Jeśli miałbym wyróżnić jakiegokolwiek zawodnika w tym meczu, to pewnie postawiłbym na Galana, choć widząc po opiniach kibiców, moglibyśmy się w tych opiniach rozminąć. Ale Borja coś tam próbował i zagrał dwie bardzo dobre piłki w pole karne. Poza tym mizeria i raczej kilku bohaterów negatywnych.

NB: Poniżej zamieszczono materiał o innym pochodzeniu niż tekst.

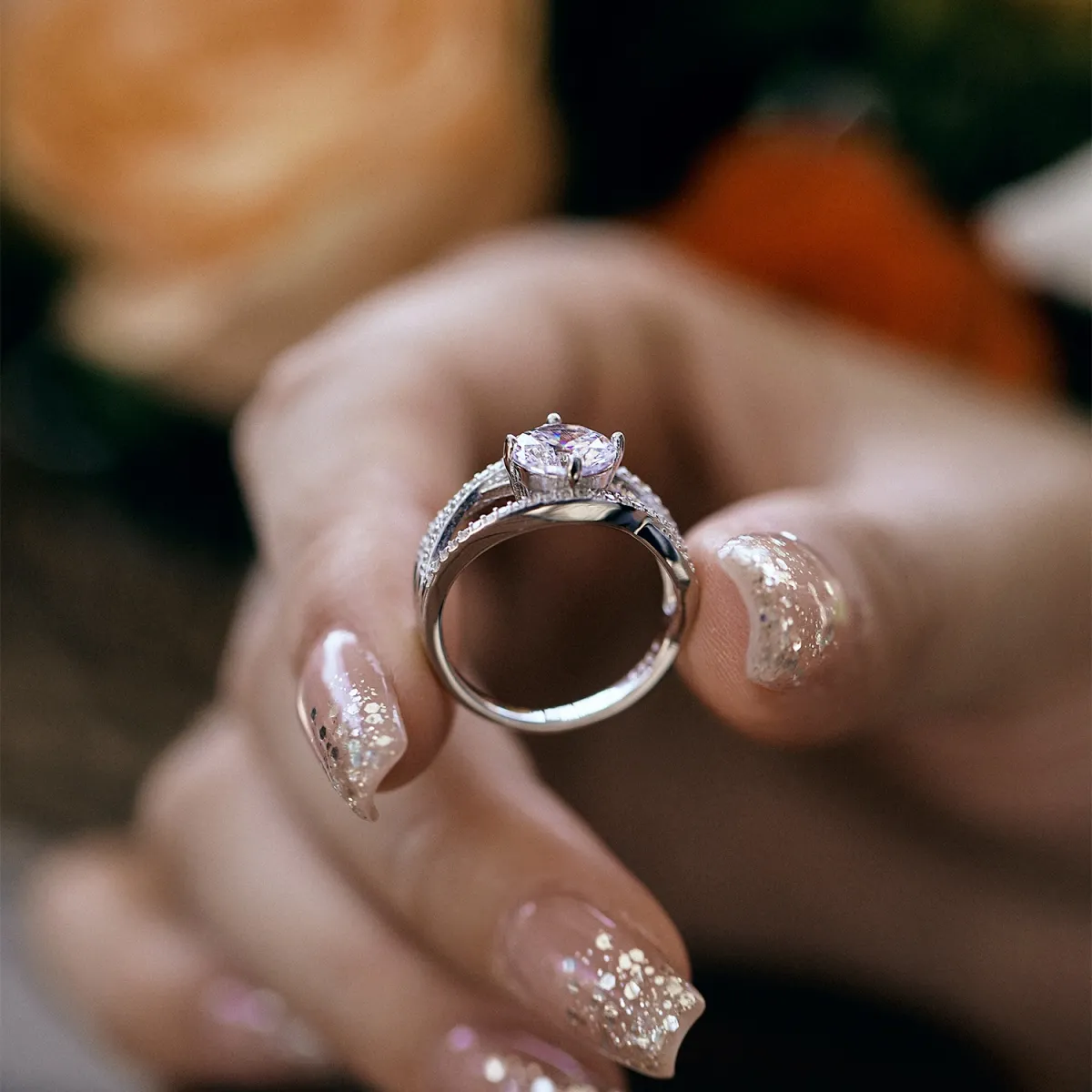Sterling Silver Cubic Zirconia Ring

Trener pokombinował ze składem, więc mogliśmy obejrzeć zaskakujące zestawienie. Jak przyznał na konferencji, zmasakrowani po wyjazdach na reprezentacje byli Kuusk i Kowalczyk. Tego pierwszego zabrakło nawet na ławce, Mateusz wszedł w drugiej połowie. I okej, może podróż z Armenii, może kadra, ale kurka wodna, tak przegrać pojedynek biegowy z Meną, który grał od początku. Nie godzi się.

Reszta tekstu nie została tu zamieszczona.